→ **Task item**: Pull out of the data below the stretch of lines bounded by the one containing "img_postcard-cowboy7_thm" and the one containing "purple and white", both bounds included, unchanged.

----

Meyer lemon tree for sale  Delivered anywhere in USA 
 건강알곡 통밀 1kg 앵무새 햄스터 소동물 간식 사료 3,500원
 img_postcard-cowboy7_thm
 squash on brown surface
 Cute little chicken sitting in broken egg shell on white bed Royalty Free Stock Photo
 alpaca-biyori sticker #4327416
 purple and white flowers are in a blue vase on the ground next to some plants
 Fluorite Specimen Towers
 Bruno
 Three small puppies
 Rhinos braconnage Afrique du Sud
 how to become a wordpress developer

----

→ **Task answer**:
 img_postcard-cowboy7_thm
 squash on brown surface
 Cute little chicken sitting in broken egg shell on white bed Royalty Free Stock Photo
 alpaca-biyori sticker #4327416
 purple and white flowers are in a blue vase on the ground next to some plants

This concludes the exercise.